Rechter wijst claims tegen bestuurders Shell deels af
De districtsrechtbank in de Amerikaanse staat New Jersey acht een aantal huidige en voormalige bestuurders van Royal Dutch Shell niet persoonlijk verantwoordelijk voor het reserveschandaal. De rechter heeft de claims van aandeelhouders tegen deze personen afgewezen.
De claims tegen bestuursvoorzitter Jeroen van der Veer, zijn voorganger Philip Watts en voormalige bestuurders Judy Boynton en Walter van der Vijver zijn echter nog niet van de baan.
Dat bleek uit een tussenuitspraak op 9 augustus. De civiele rechtszaak, een zogenoemde class action, is volgens een woordvoerder van het energieconcern de enige nog lopende rechtszaak als gevolg van het schandaal over de reserves van het olieconcern.
Aandeelhouders van Shell procederen tegen de oliemaatschappij, omdat hun aandelen veel minder waard werden, toen Shell zijn olie- en gasreserves in januari 2004 plotseling afwaardeerde.

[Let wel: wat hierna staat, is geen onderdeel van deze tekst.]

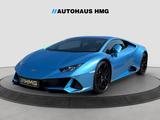 Lamborghini Huracán EVO AWD MY21 *PPF*LIFT*CARBON*KAM* - Lamborghini Huracán aus 2021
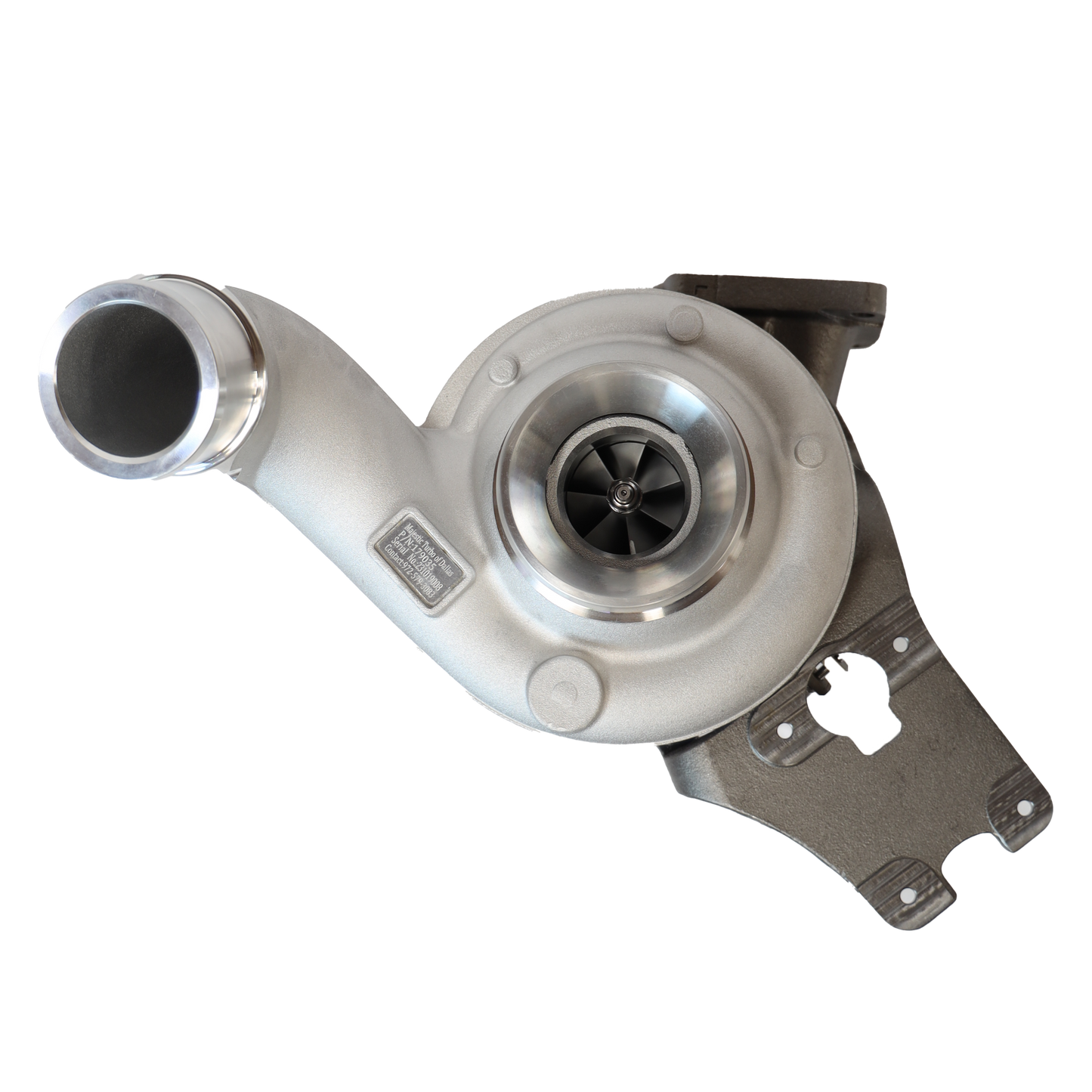 179035 2005 & up MaxxForce DT466, I313 New S300 Turbocharger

De claims tegen president-commissaris Aad Jacobs, directeur exploratie Malcolm Brinded en de voormalige bestuurders Mark Moody-Stuart, Maarten van den Bergh, Steve Miller, Paul Skinner en Harry Roels werden door de rechter afgewezen. De betrokken aandeelhouders kunnen tot 9 september in beroep gaan tegen de uitspraak.